No se incita a pensar sino a obedecer sin reproche, mansamente. Ya no es necesario permanecer vigilantes para preservar los principios democráticos, el estado de Derecho que sostiene la sociedad, el conjunto de leyes e instituciones que regulan la vida que hemos elegido vivir y el modelo político que mejor nos representa. Desde el mismo momento en que se renuncia a ejercer el poder y se esgrime el peso objetivo del contrapoder, como si tal falacia equilibrara el fiel de la balanza, se está dando carta de naturaleza a una falsedad, la gran mentira de una prensa arrodillada que en lugar de impulsar y liderar el cambio para transformar la realidad se alía con lo peor de ella, dando la espalda a los ciudadanos a los que dice servir y a los que debería representar.

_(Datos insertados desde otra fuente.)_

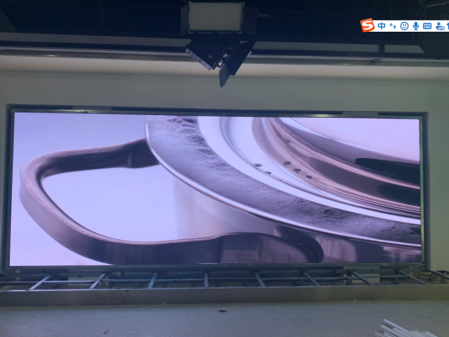 宜昌三峽大學-室內P1.66全彩屏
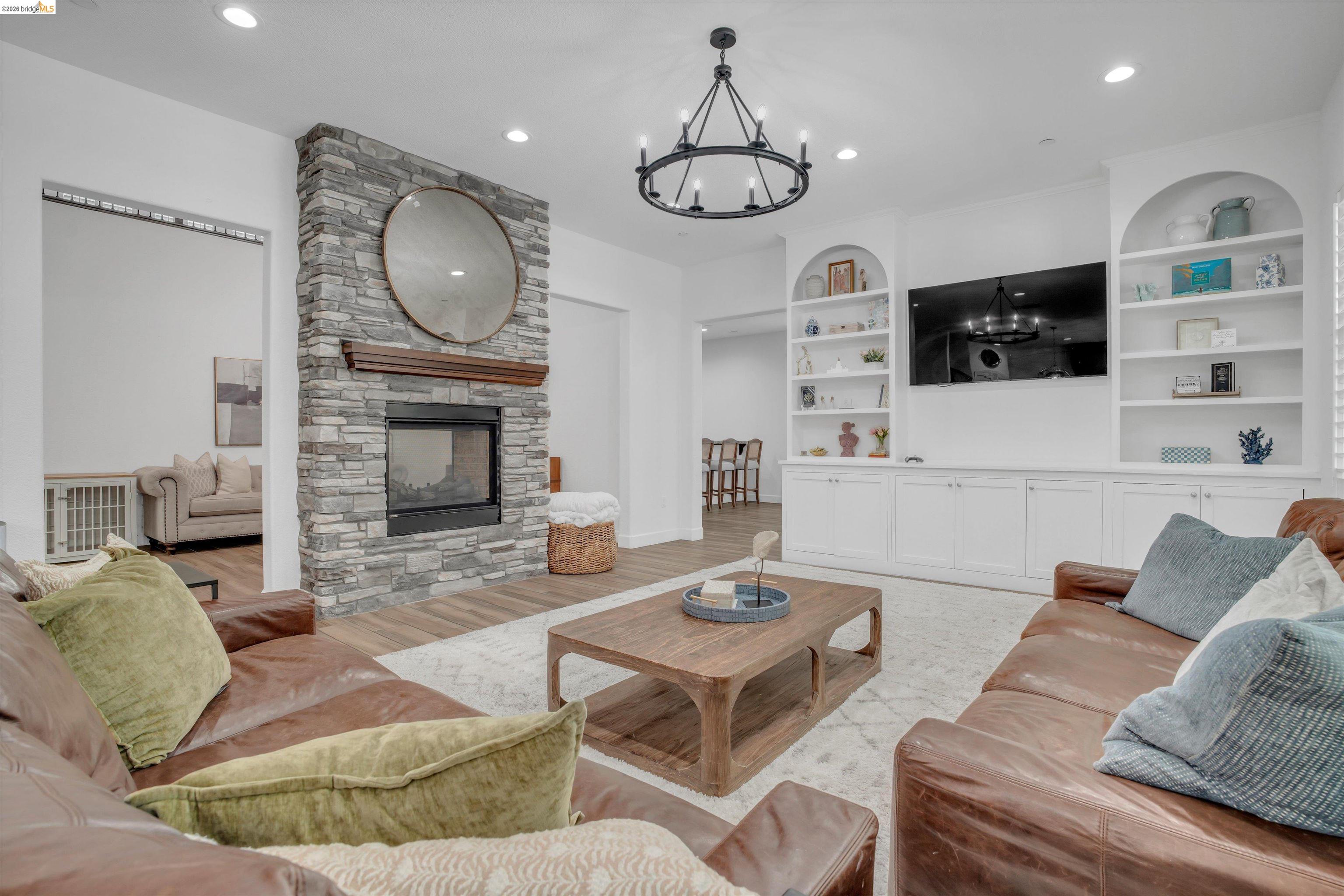 412 Lakehead Ct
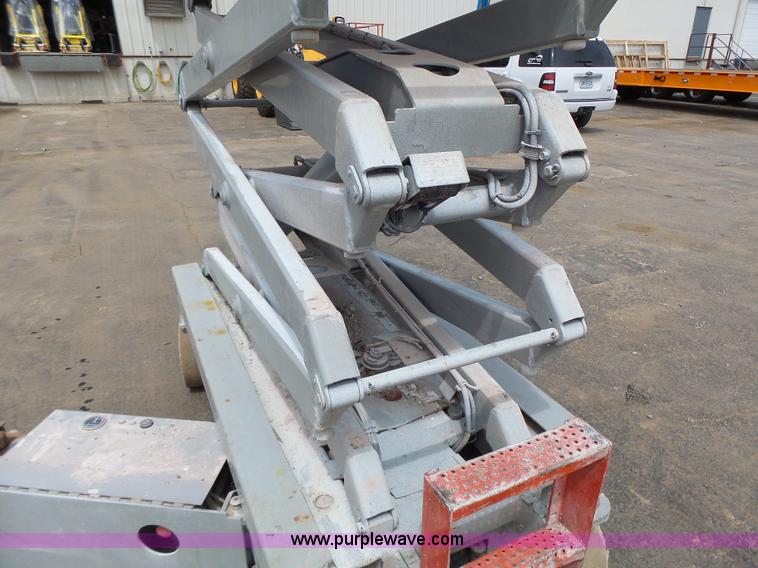 image for item L6048 2008 Skyjack 3219 scissor lift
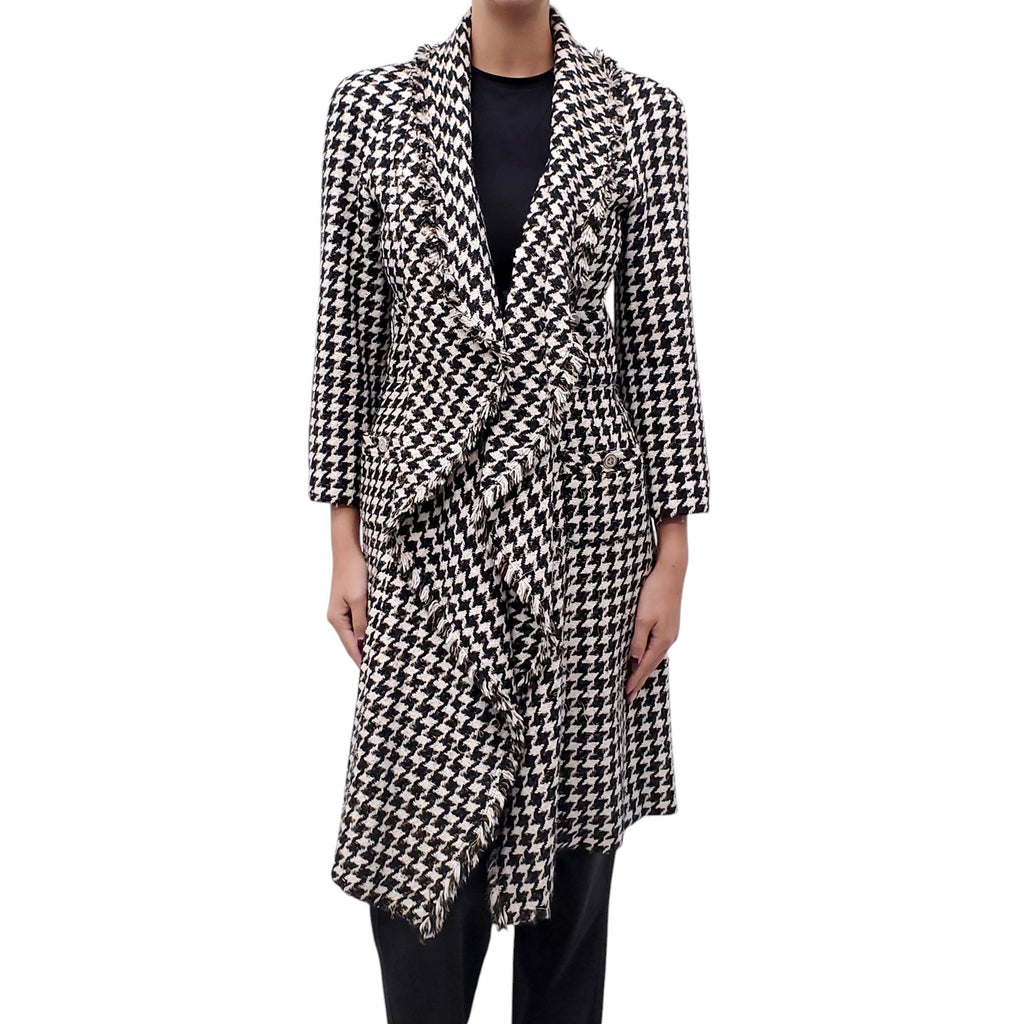 CHANEL HOUNDSTOOTH COAT WITH CC LOGO BUTTONS - SIZE 36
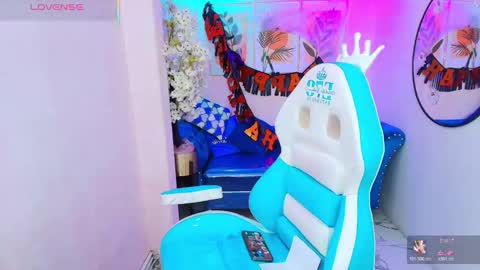 dafne huges online show from 11.02.25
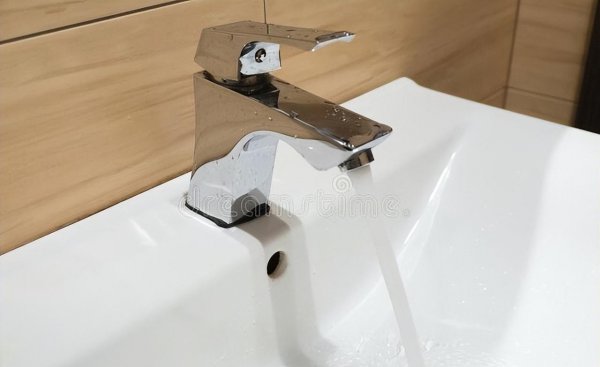 染发膏沾到皮肤上怎么去除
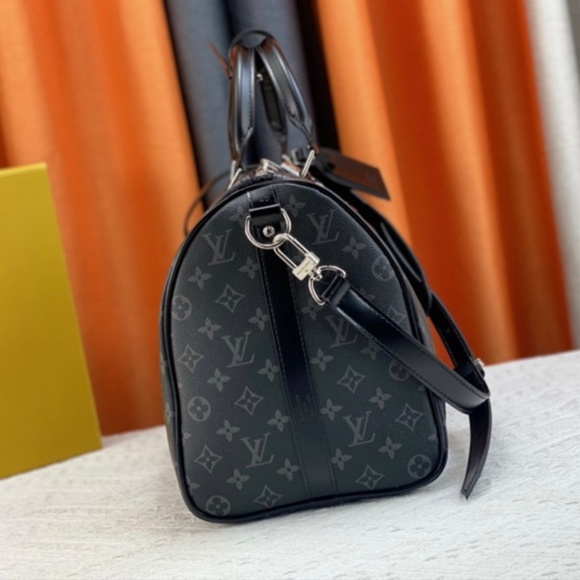Large Louis Vuitton Keepall Bandoulière 55 Duffle Bag (Accepting Offer) - Picture 3 of 8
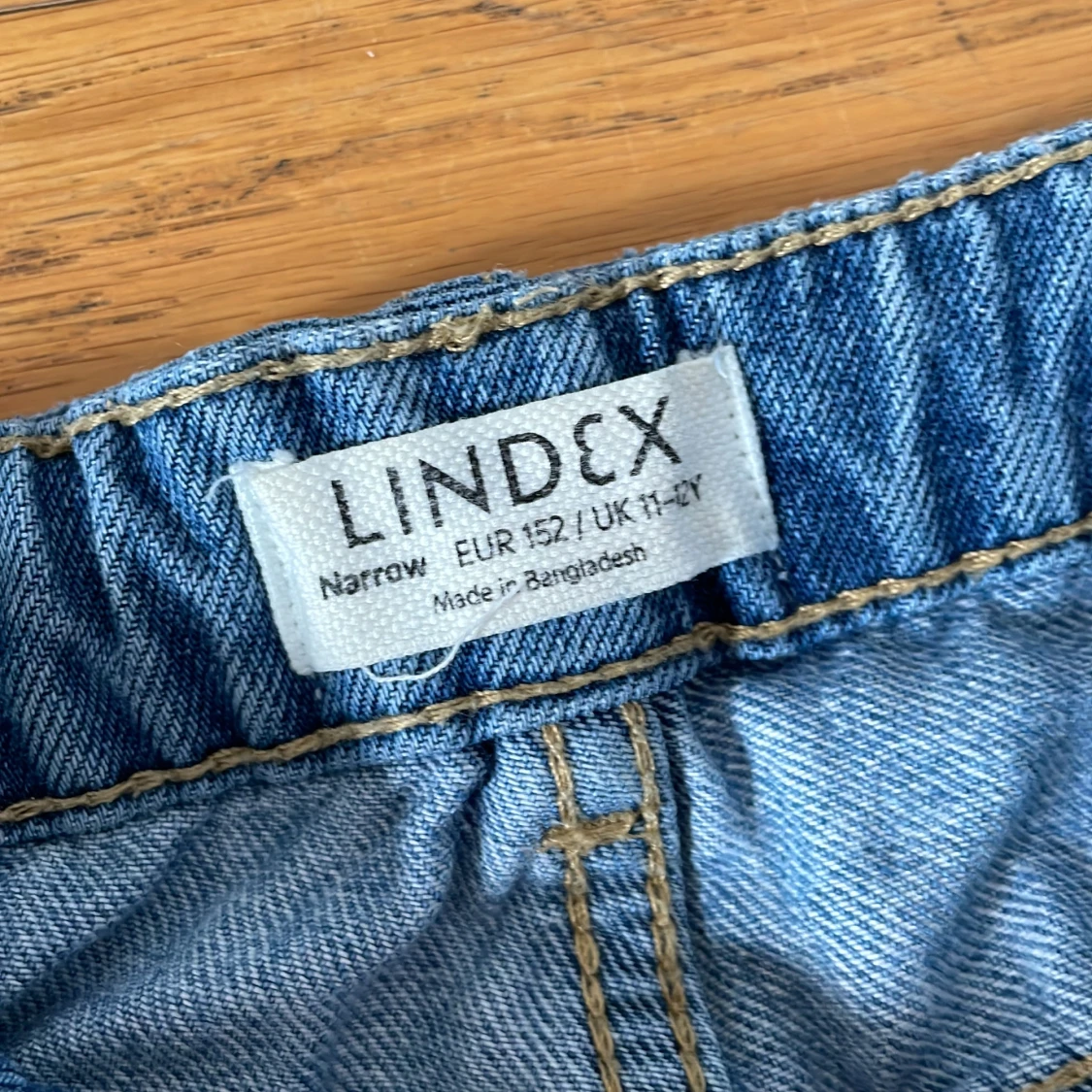 Blå jeansshorts från Lindex - 1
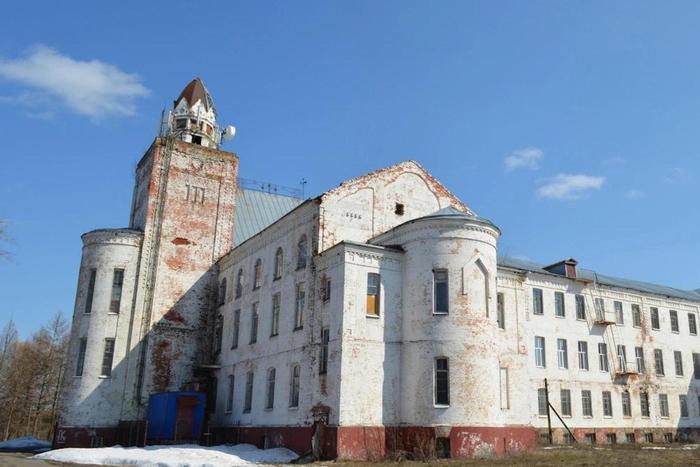Кому достанется "Хогвартс": историческое здание бывшего сельхозтехникума продают за рубль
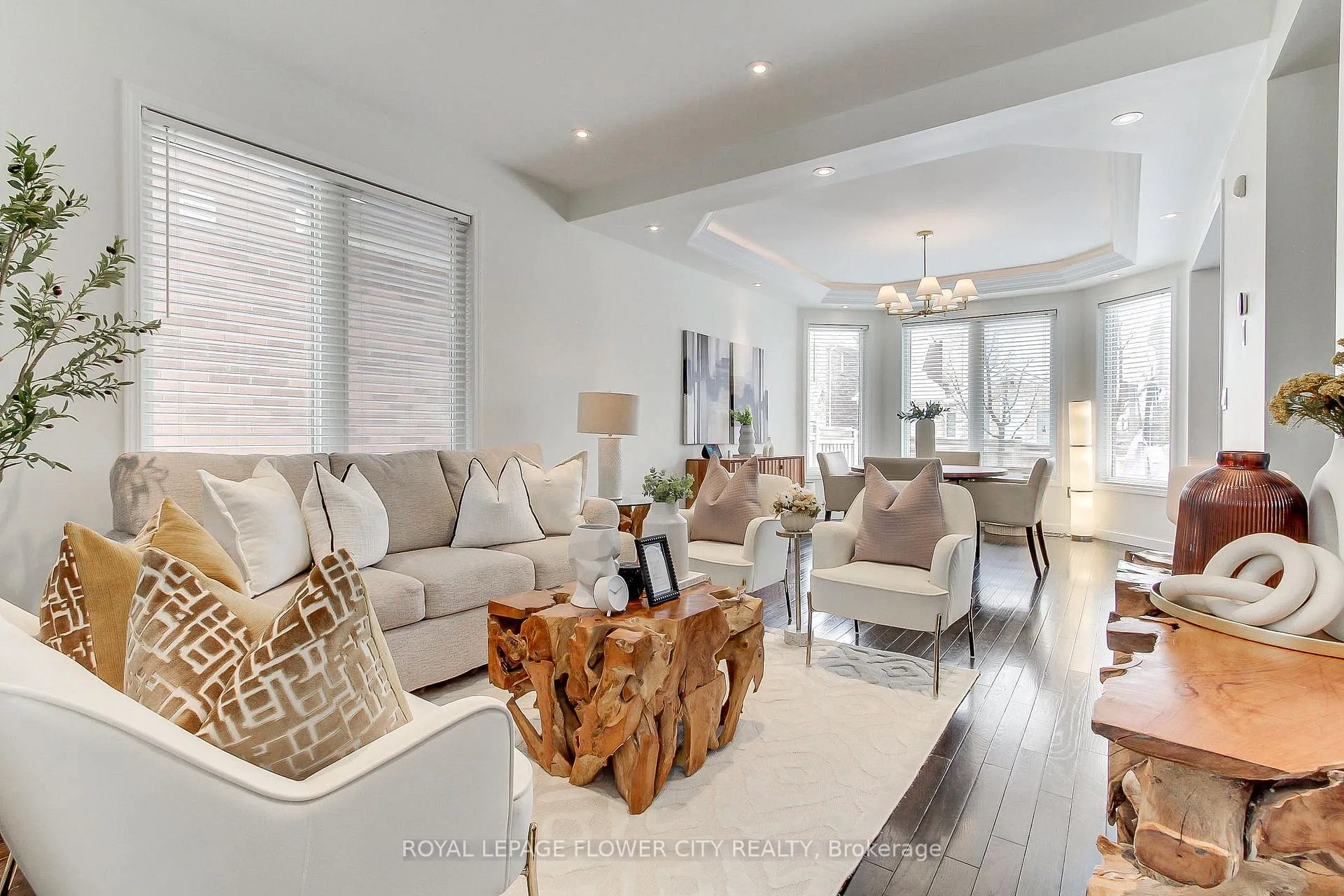 Photo 6 of 917 Mctrach Crescent, Milton, Harrison — HOMEH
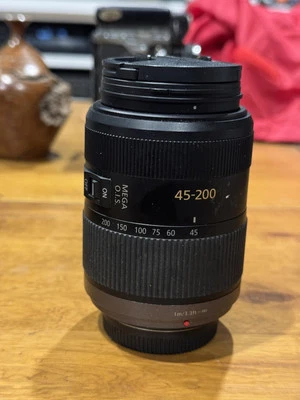 Panasonic Lumix G Vario 45-200mm f/4-5.6 Mega OIS Micro 4/3 Lens Excellent Shape - Image 1 of 4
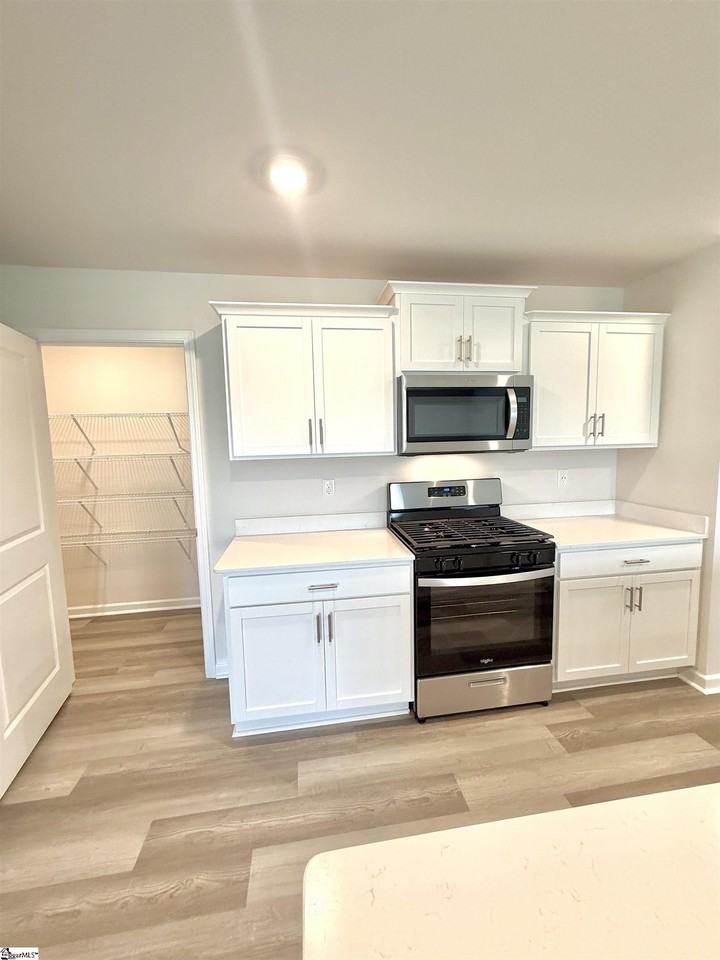 4154 Springshire Ln - Photo 4 of 34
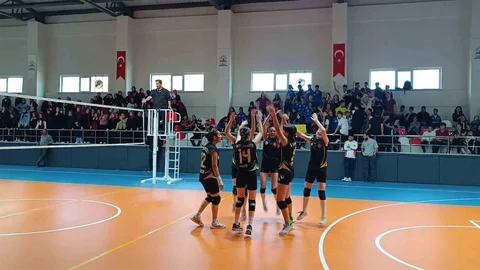 Siverek Spor Lisesi'nin Voleybol Şampiyonluğu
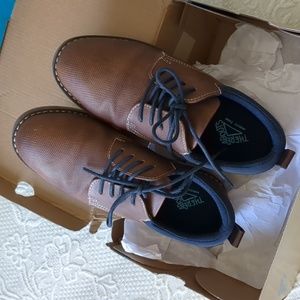 Boys Cognac Dress Shoes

He releído recientemente lo que Camus afirmaba a propósito de los medios de comunicación y cómo se lamentaba de esa prensa complaciente y equidistante que, con raras excepciones, no tiene otro objetivo que aumentar el poder de algunos, ni otro efecto que el de envilecer la moral de todos. Una prensa al servicio partidista solo contribuye a poner en marcha el ventilador que esparce indiscriminadamente la basura y se convierte en arma arrojadiza para la confrontación política. Ante este panorama, cuando se ha despojado al periodista no solo de sus armas –la verdad contrastada, el rigor y la objetividad a cualquier precio, la independencia – sino de su dignidad profesional, obligándolo a ejercer su trabajo en unas condiciones denigrantes, precarias, que envilecen el periodismo hasta límites inasumibles, resulta muy difícil ejercer la autocrítica y desnudar a la prensa en sí para ponerla ante el espejo moral de sus miserias. Siento asco y no puedo reprimir las náuseas cuando veo a todos esos políticos mediocres hablar de libertad de prensa cuando son conscientes de que la prensa no es ni libre ni independiente ni plural y que así no es posible ninguna democracia. La prensa es un poder que solo puede estar situado inmediata- mente después que el poder del pueblo a quien sirve.